And so it is with Serenity. The television series was not known for cheerful cheesiness or happy endings or sudden changes of heart. And the movie itself was willing to kill off two major characters. So why did Whedon think it would be a good idea to have The Operative realize the error of his ways at the last possible instant, just in time to help save the day?

A brief synopsis: the Alliance government sends an operative to capture and kill River Tam, who can read minds, because she may have learned governments secrets while in the presence of key state officials. What secrets? The secret that, a decade earlier, Alliance scientists experimentally released into the atmosphere a chemical intended to eliminate human aggression. The experiment failed, and instead of simply eliminating human aggression, the chemical made the entire populace of this particular planet completely docile, eradicating the will to live entirely, ala a Misesian version of Buddhism. Worse still, the chemical had the opposite reaction on a smaller segment of the population, creating the beastial monsters known as Reavers.

The unnamed Operative is faithful to the alliance cause of making the world a better place, and is willing to do anything - including murder innocents - to achieve this goal. He accepts the fact that the world he works to create is a world that he, with his many sins, could never be a part.

The Operative is the most interesting character in the movie. That is, until he learns of the failed government experiment and suddenly has a change of heart. Previously in the movie, he was willing to decimate entire villages and their innocent inhabitants in an effort to capture River, but now, all of a sudden - what? Did the numbers suddenly become too great? Was there a cut-off point where 30 murders was acceptable but 30,000 was not? I guess he decided the omelet he was making required too many broken eggs.

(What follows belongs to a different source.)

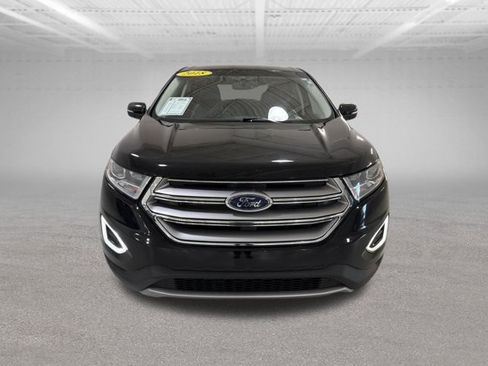 Used 2018 Ford Edge SEL w/ Equipment Group 201A AWD/4WD image 2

Perhaps he realized that his efforts to capture River were only for the purposes of a coverup, and therefore felt that he was not directly advancing his goal of making the world a better place. But surely, if the government is to ever try another social engineering experiment on such a large scale - and it should, for the utilitarian calculus has not changed in the slightest - it must have the trust and support of the public, which will be difficult to achieve if word gets out of the previous failure. So again, why the change of heart?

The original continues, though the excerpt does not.